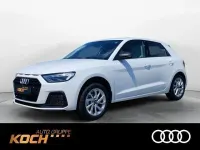 Brugt Audi A1 Sportback Advanced 96 HK (70 kW) 2025 Hvid Hatchback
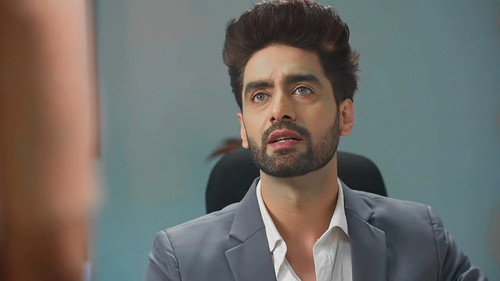 Armaan's stress reaches breaking point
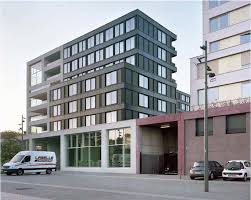 L Auc Loger Des Etudiants A Saclay Amc Architecture En 2020 Residence Etudiante Architecture Architecte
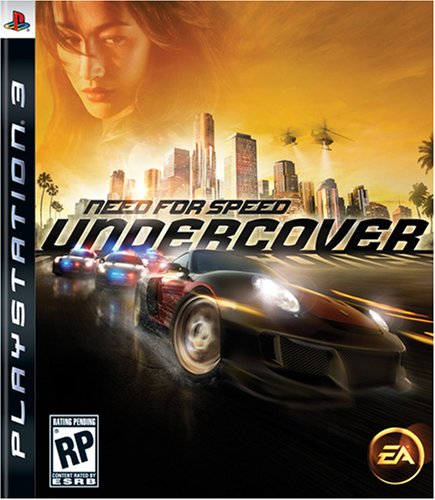 NEED FOR SPEED: UNDERCOVER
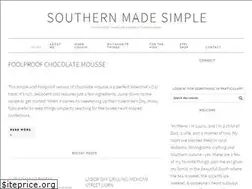 Sites similar to southernmadesimple.com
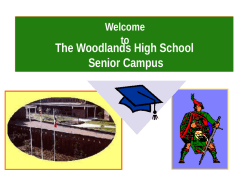 2014-15 9-11 Pre-registration Parent Night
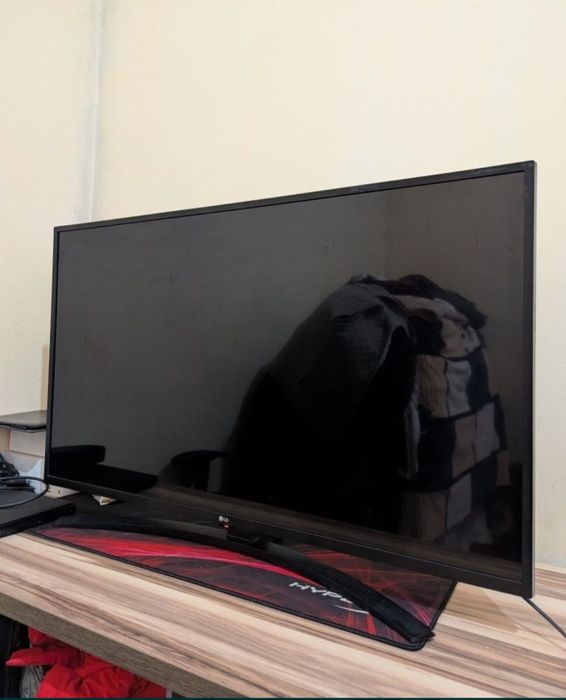 Телевизор LG Smart Tv 4K ultra HD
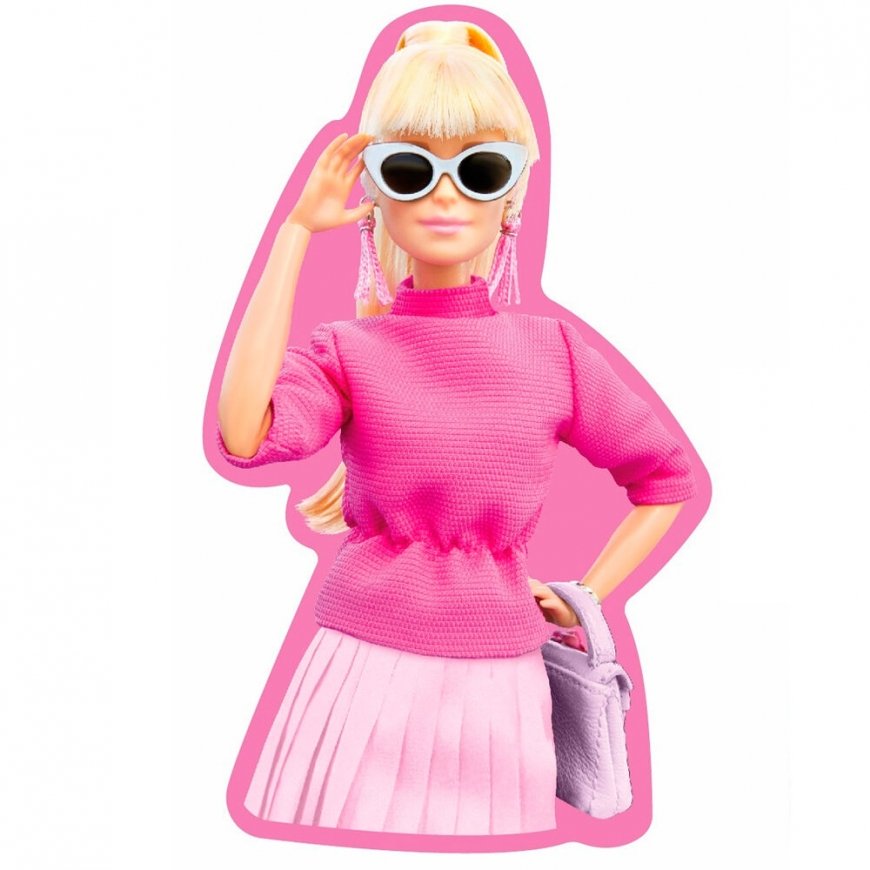 Mattel Barbie 3D pad – 2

- - - - -

Your assignment
Please copy the lines exactly, beginning at the one containing "Armaan's stress reaches breaking point" and ending at the last line of the records above, both included, with the pictures left out.

Solution for this exercise
 Armaan's stress reaches breaking point
 L Auc Loger Des Etudiants A Saclay Amc Architecture En 2020 Residence Etudiante Architecture Architecte
 NEED FOR SPEED: UNDERCOVER
 Sites similar to southernmadesimple.com
 2014-15 9-11 Pre-registration Parent Night
 Телевизор LG Smart Tv 4K ultra HD
 Mattel Barbie 3D pad – 2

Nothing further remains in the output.